4. It is a gruesome idea, I know, but terrorists have attacked us because we are still in business as a power, working to make the world a stronger, better place. As far as Britain's vulnerability is concerned, the attacks we have had weren't state-sponsored. We know at least then that other countries don't see our democracy as a soft target and could expect retribution given our commitment in Afghanistan.
5. It's just nuts to think today's special relationship, of all the post-war governments we've had, is in "danger." It's healthier and more cohesive than it's ever been, and it will be even more so once the Bush administration leaves office.
6. NATO was designed to counteract hard power in extremis - nuclear exchange and mass land armies sweeping over Europe. It's not surprising that the organisation has had a crisis of identity since the end of the Cold War, particularly because America no loner defines Europe as the primary indicator of its security. NATO worked. That in no way reflects badly on Britain's standing as a serious power. If anything, our long commitment to the NATO ISAF in Afghanistan proves we're in the forefront of defining its new nation-building role. At the same time, Britain is uniquely positioned to benefit from the most plausible alternative to NATO, a European Defence Community or a version thereof.
7. I'm sorry, but we have the United Nations regime on armed force for a reason, and beyond the very liberal leeway given to self-defence and yes, humanitarian intervention by states outside its authority, Article 2(4) and Chapter VII action are essential to international order. It's ironic that this is a post about the Falklands, UNSCR 502 ordered Galtieri to withdraw: not an easy thing to do back then, when the USSR had a chokehold on the Security Council.
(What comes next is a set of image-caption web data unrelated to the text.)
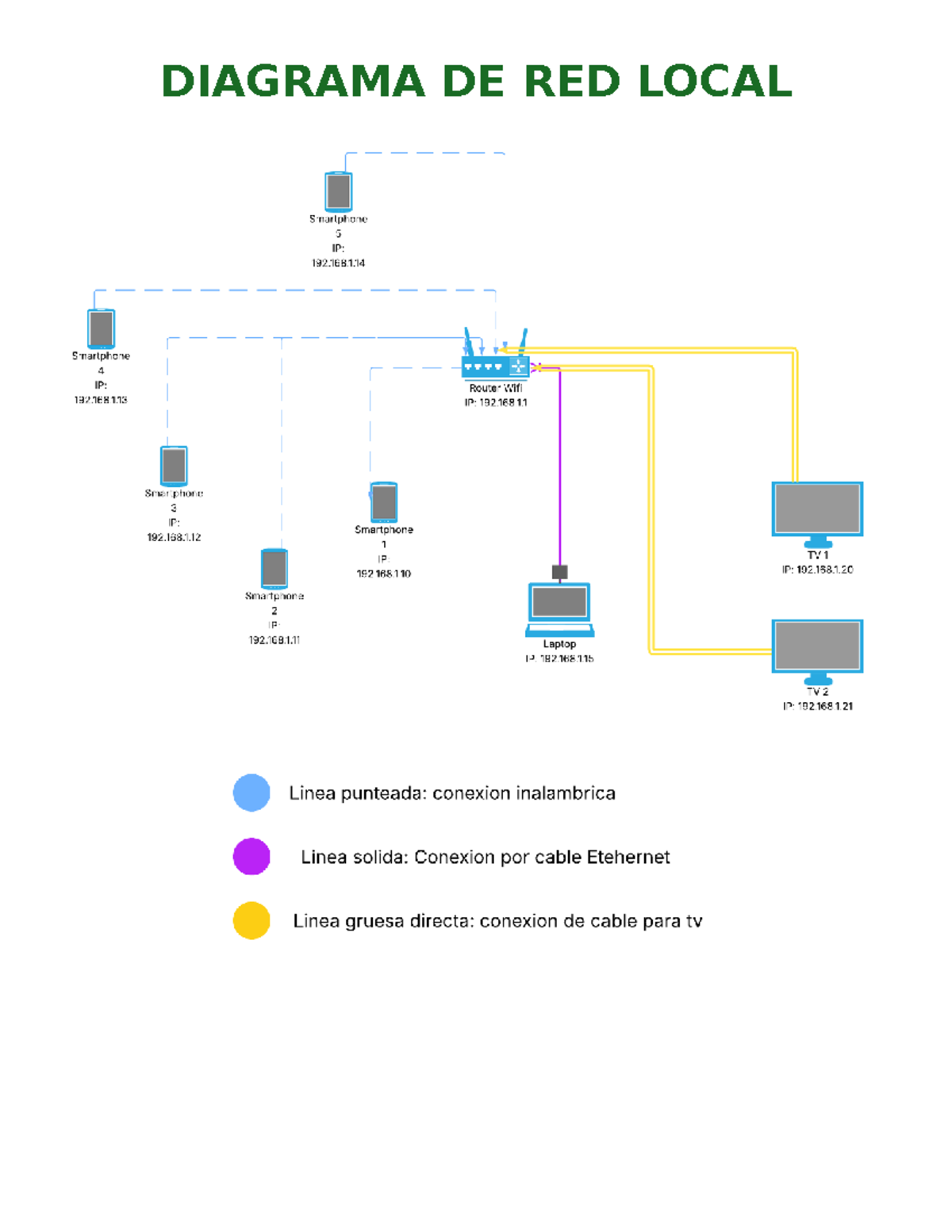 DIAGRAMA DE RED LOCAL: INFORME DE CONECTIVIDAD Y COMUNICACIÓN - Studocu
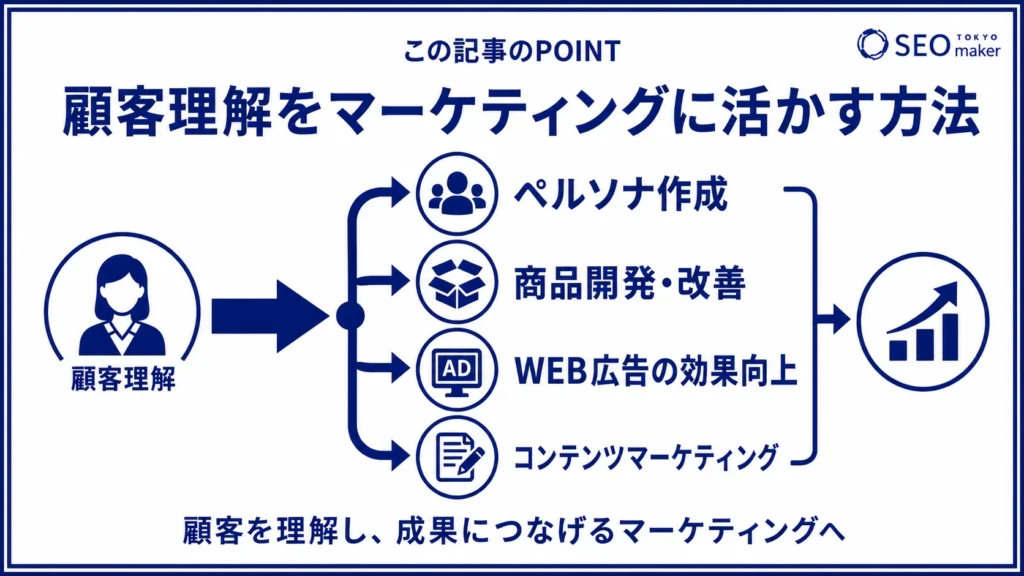 顧客理解をマーケティングに活かす流れのイメージ図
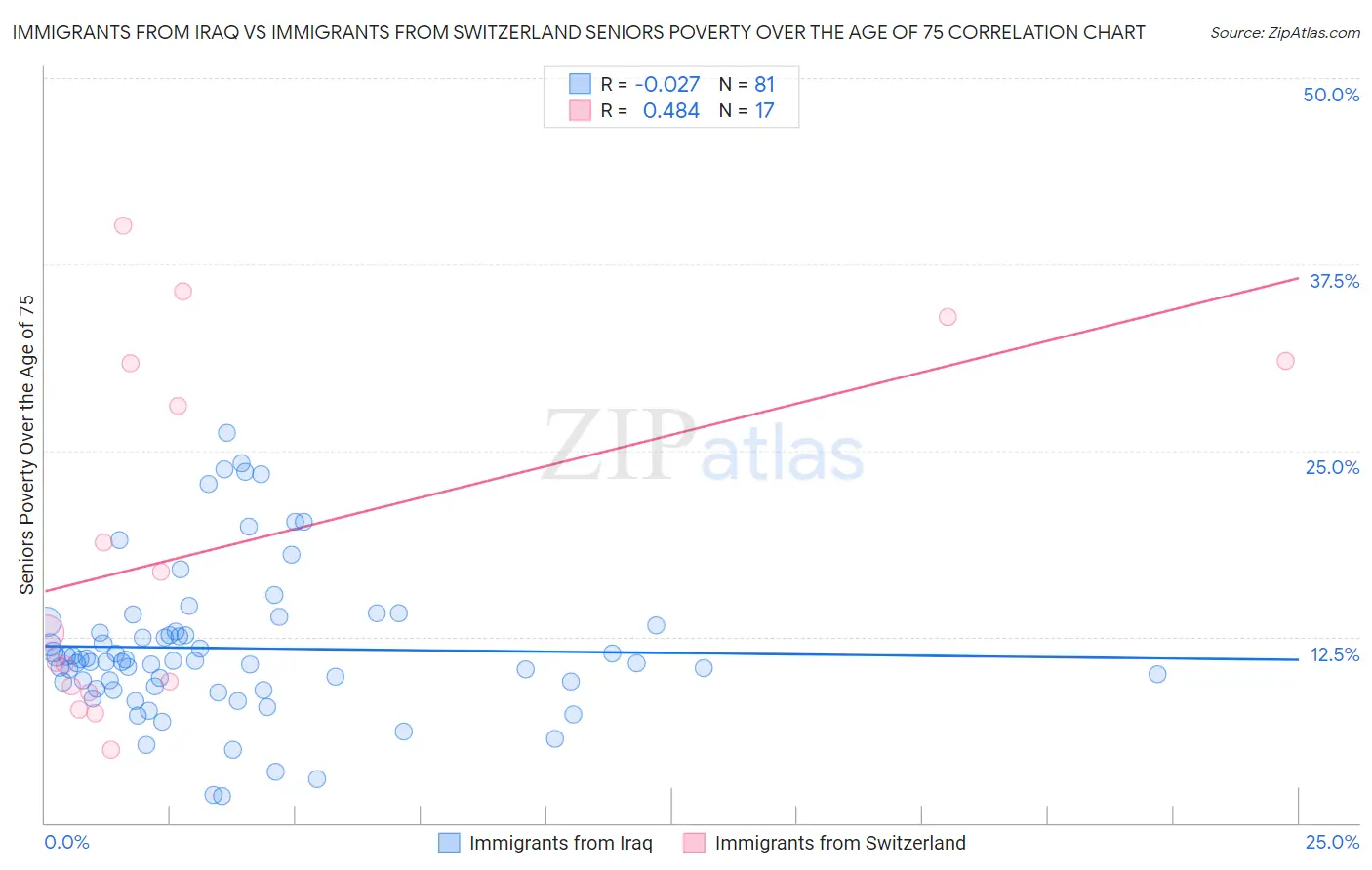 Immigrants from Iraq vs Immigrants from Switzerland Seniors Poverty Over the Age of 75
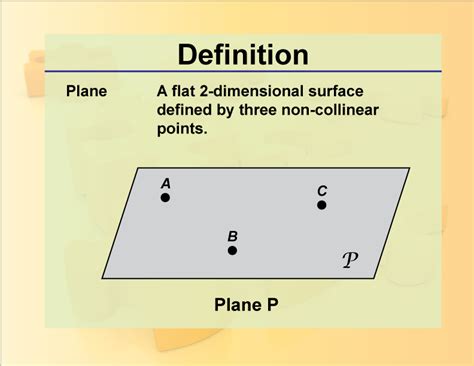 plane definition in art: the bridge between geometry and visual perception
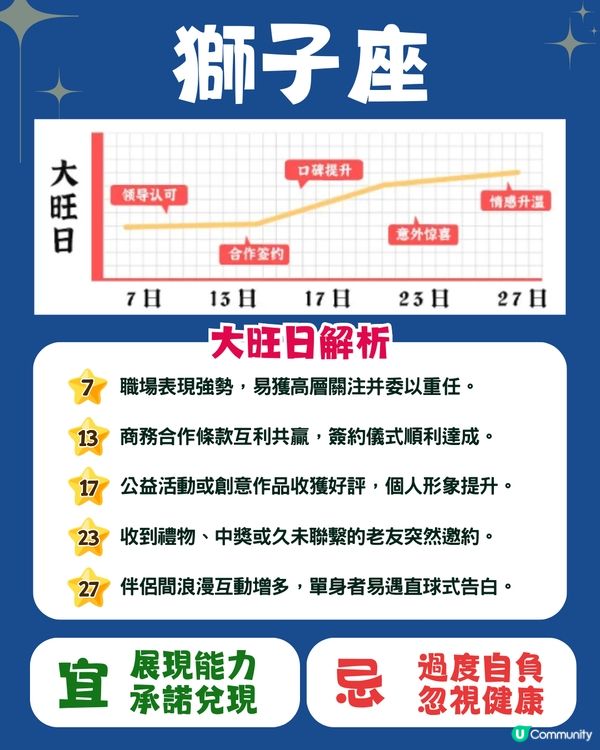 12星座5月幸運日🍀6星座有額外收入💰獅子座邊日易中獎⁉️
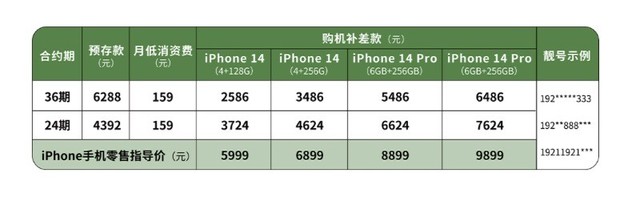 中国广电发力，iPhone 14 最低仅需 2586 元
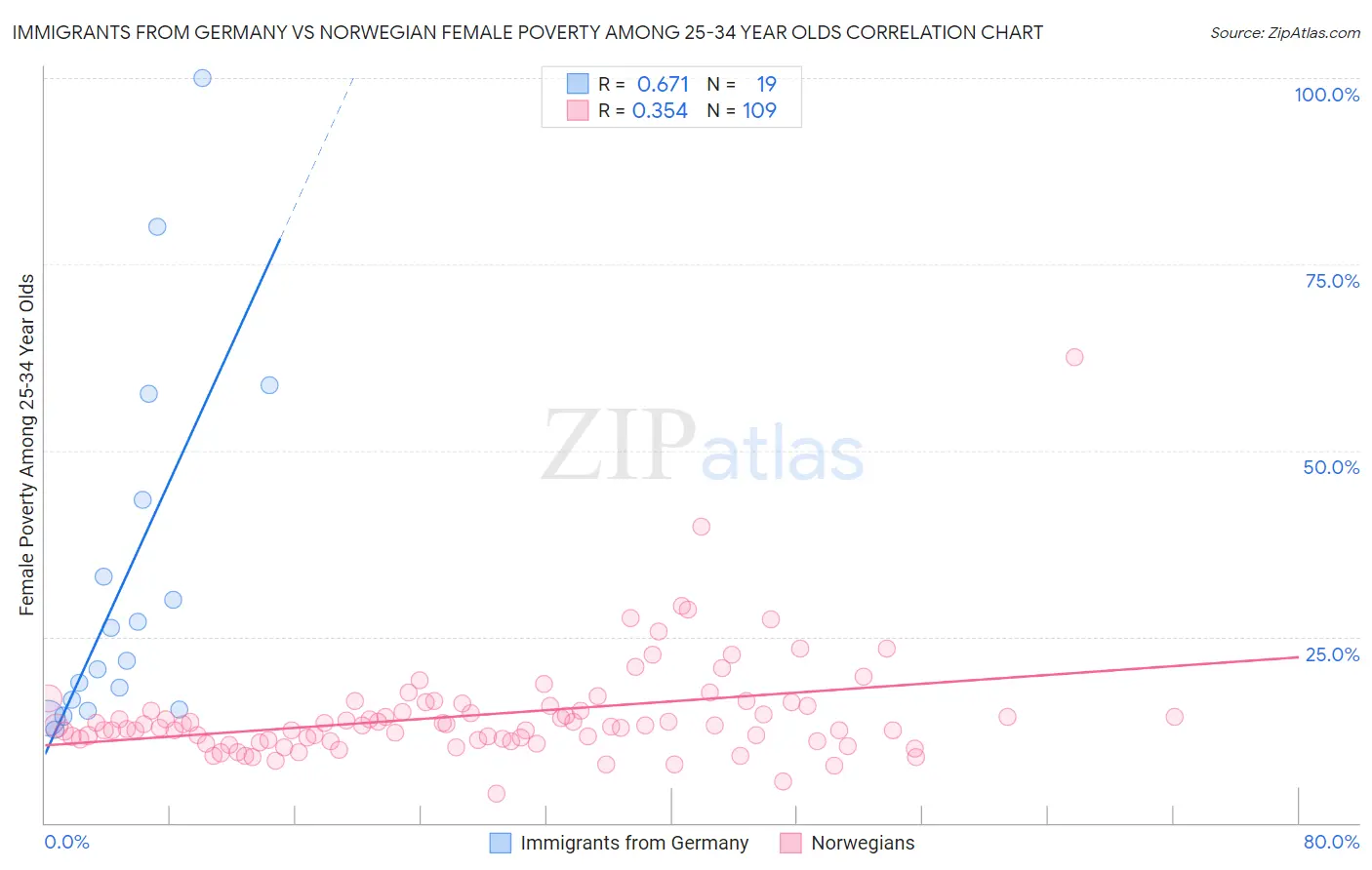 Immigrants from Germany vs Norwegian Female Poverty Among 25-34 Year Olds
UNSCRs 678, 687 and 1441 gave the Coalition legal authority to intervene in Iraq in 2003, while UNSCR 1483 forms the legal basis of its subsequent occupation. I could go on and on about the amazing work the ICJ does in interpreting international law - which will come in handy if this hostage crisis gets legal, because the World Court covered the 1979 incident. UNSCR 1540 has been vital to the UK's anti-WMD efforts, and oh yeah, last time I looked Britain still had the first prize in diplomacy: a seat on the P5.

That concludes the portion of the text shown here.